The problem:
The material below holds the lines to copy: from the one with "Similar – Leopard #15 Tourism Safari" up to and including the one with "Buzz Midnight Butterfly". Copy them exactly and skip the pictures.

Information provided:
_ _ _

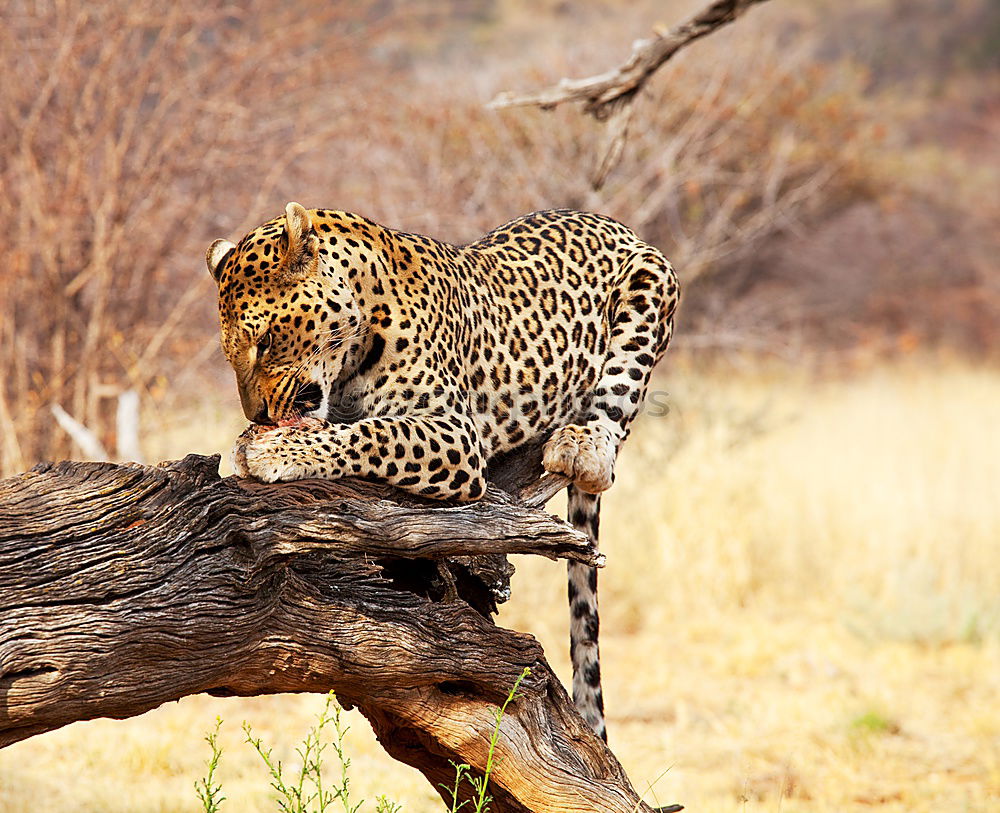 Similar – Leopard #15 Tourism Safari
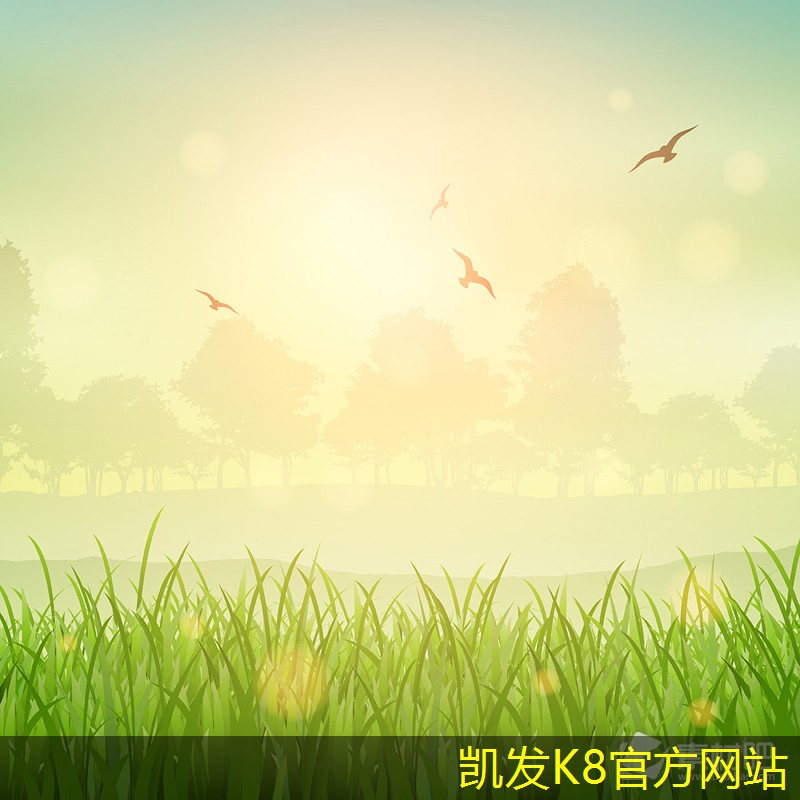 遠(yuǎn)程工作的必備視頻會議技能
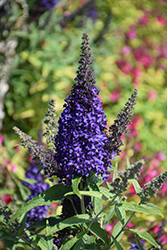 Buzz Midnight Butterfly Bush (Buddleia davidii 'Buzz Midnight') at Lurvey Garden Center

_ _ _

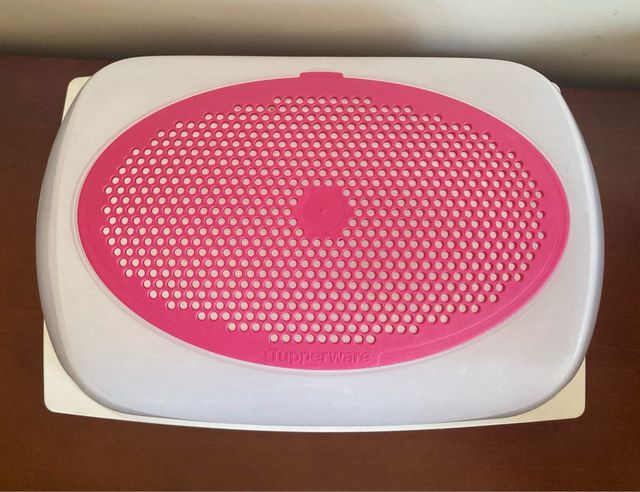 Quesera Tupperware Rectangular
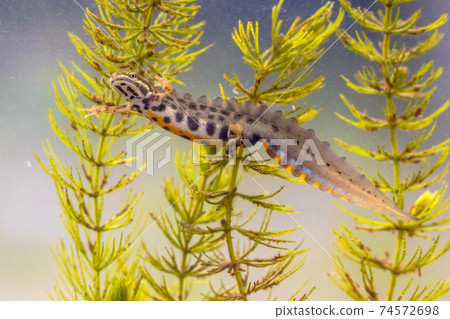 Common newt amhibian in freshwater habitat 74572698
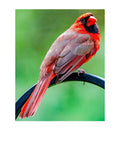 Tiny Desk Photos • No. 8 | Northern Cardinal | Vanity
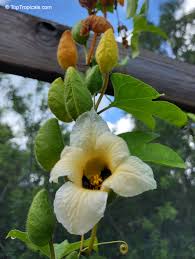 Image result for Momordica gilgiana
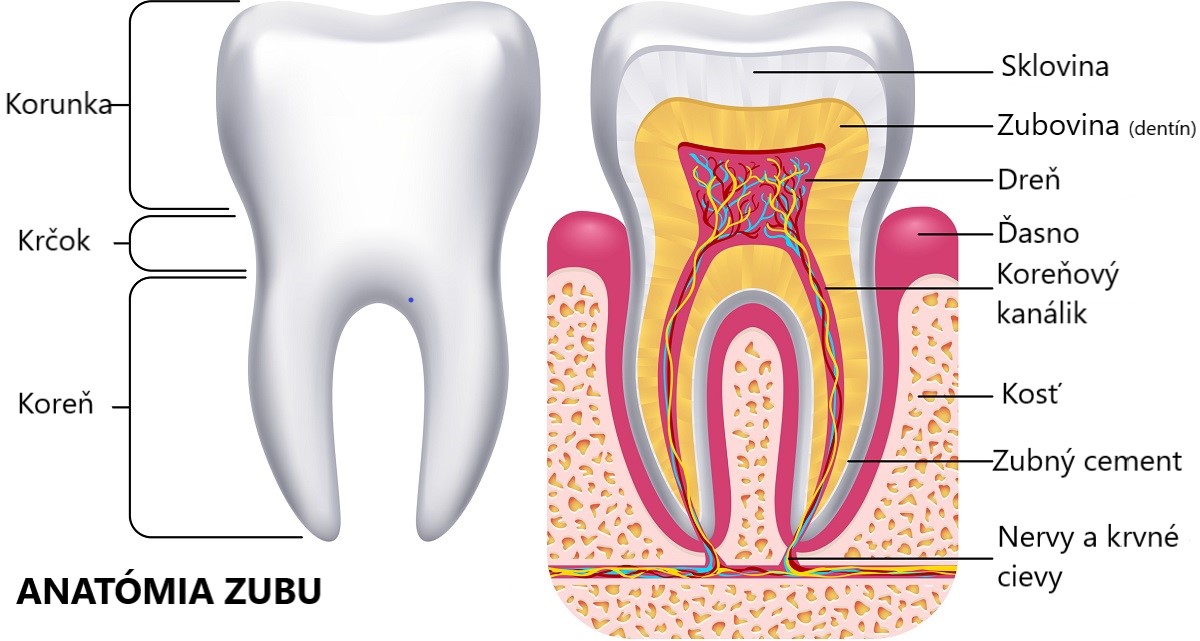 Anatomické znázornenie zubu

_ _ _

Answer section:
 Similar – Leopard #15 Tourism Safari
 遠(yuǎn)程工作的必備視頻會議技能
 Buzz Midnight Butterfly Bush (Buddleia davidii 'Buzz Midnight') at Lurvey Garden Center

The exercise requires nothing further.